→ WHAT IS REQUIRED
Return every entry below without altering a word.

[EXTRACTED MATERIAL Boundary: Start]

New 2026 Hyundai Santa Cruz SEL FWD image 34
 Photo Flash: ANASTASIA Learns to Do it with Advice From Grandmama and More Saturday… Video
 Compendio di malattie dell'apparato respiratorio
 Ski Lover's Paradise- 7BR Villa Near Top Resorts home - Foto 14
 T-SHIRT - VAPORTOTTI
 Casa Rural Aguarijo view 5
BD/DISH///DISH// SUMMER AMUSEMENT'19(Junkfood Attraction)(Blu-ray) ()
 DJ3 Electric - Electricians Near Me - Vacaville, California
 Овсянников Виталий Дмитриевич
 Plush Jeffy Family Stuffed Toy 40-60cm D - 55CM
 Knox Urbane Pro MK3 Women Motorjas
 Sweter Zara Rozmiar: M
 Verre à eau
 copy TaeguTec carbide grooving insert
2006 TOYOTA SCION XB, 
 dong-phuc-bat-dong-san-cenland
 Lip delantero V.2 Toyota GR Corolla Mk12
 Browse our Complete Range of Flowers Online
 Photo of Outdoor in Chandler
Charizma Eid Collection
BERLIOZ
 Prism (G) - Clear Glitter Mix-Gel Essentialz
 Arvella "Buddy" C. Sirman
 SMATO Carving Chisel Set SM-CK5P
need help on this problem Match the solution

[EXTRACTED MATERIAL Boundary: End]

→ ANSWER TO THIS EXERCISE
New 2026 Hyundai Santa Cruz SEL FWD image 34
 Photo Flash: ANASTASIA Learns to Do it with Advice From Grandmama and More Saturday… Video
 Compendio di malattie dell'apparato respiratorio
 Ski Lover's Paradise- 7BR Villa Near Top Resorts home - Foto 14
 T-SHIRT - VAPORTOTTI
 Casa Rural Aguarijo view 5
BD/DISH///DISH// SUMMER AMUSEMENT'19(Junkfood Attraction)(Blu-ray) ()
 DJ3 Electric - Electricians Near Me - Vacaville, California
 Овсянников Виталий Дмитриевич
 Plush Jeffy Family Stuffed Toy 40-60cm D - 55CM
 Knox Urbane Pro MK3 Women Motorjas
 Sweter Zara Rozmiar: M
 Verre à eau
 copy TaeguTec carbide grooving insert
2006 TOYOTA SCION XB, 
 dong-phuc-bat-dong-san-cenland
 Lip delantero V.2 Toyota GR Corolla Mk12
 Browse our Complete Range of Flowers Online
 Photo of Outdoor in Chandler
Charizma Eid Collection
BERLIOZ
 Prism (G) - Clear Glitter Mix-Gel Essentialz
 Arvella "Buddy" C. Sirman
 SMATO Carving Chisel Set SM-CK5P
need help on this problem Match the solution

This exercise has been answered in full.